Could the lines from the line bearing "Flat Fairmont Avenue in Greater London" to the end of the records below be copied exactly, with the pictures left out and no other lines added?

[Image-text web data]
▶
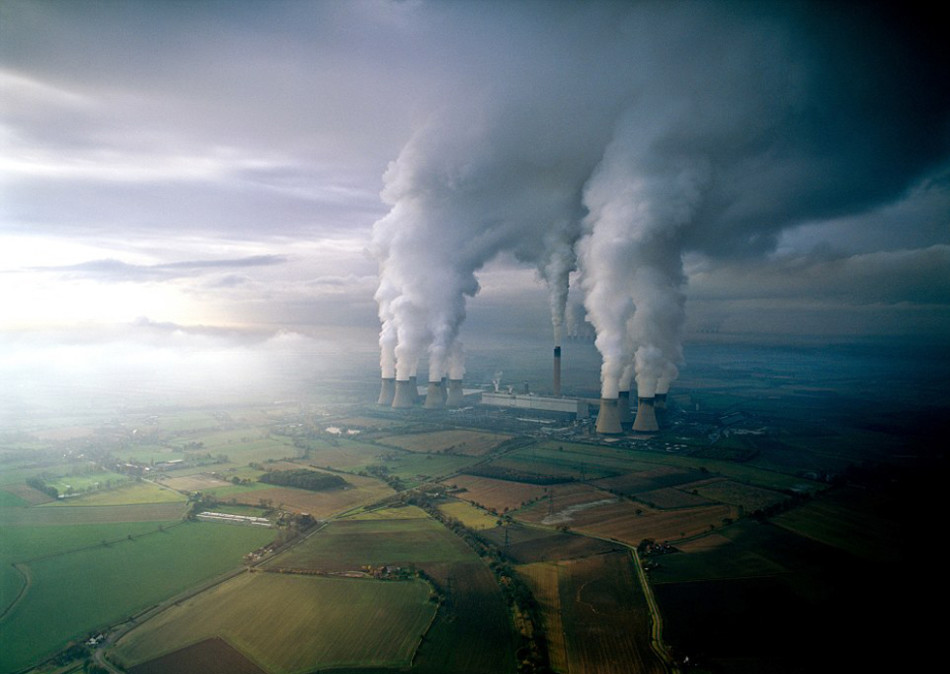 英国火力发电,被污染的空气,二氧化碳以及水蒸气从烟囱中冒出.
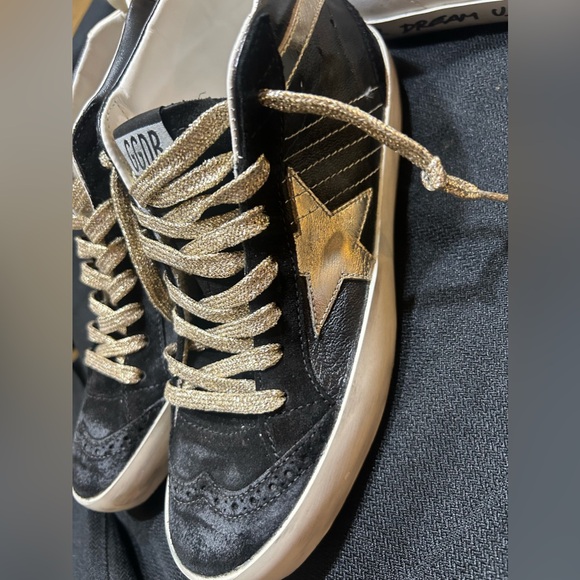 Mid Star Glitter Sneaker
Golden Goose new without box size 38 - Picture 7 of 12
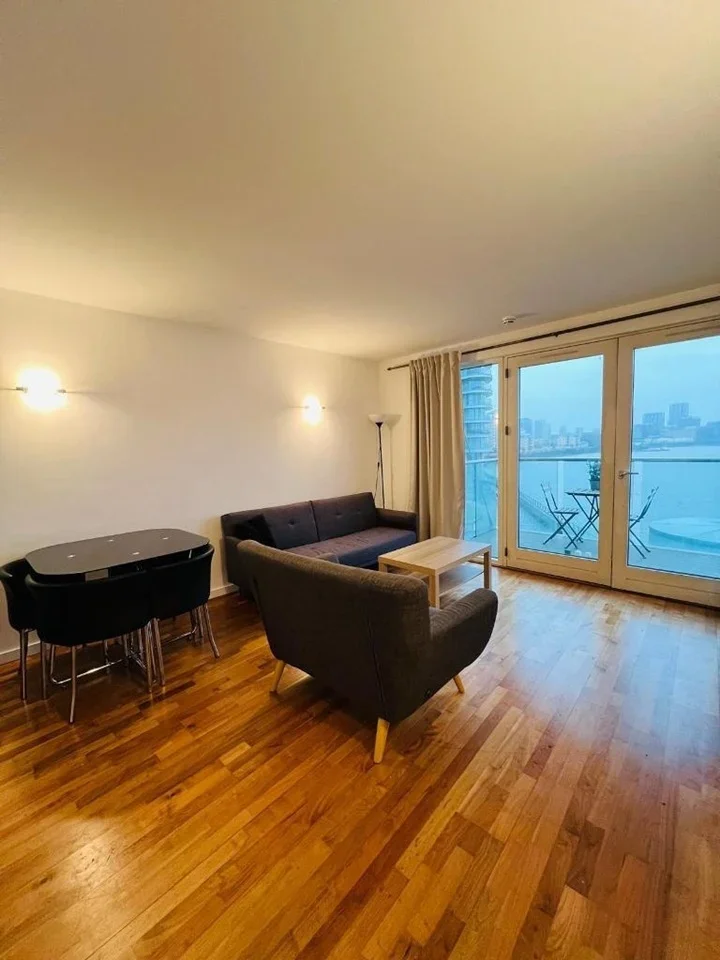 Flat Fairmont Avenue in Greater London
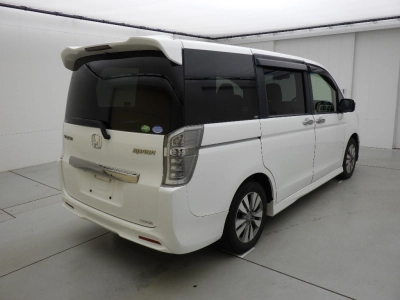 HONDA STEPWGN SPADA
◀
WRITTEN ANSWER:
 Flat Fairmont Avenue in Greater London
 HONDA STEPWGN SPADA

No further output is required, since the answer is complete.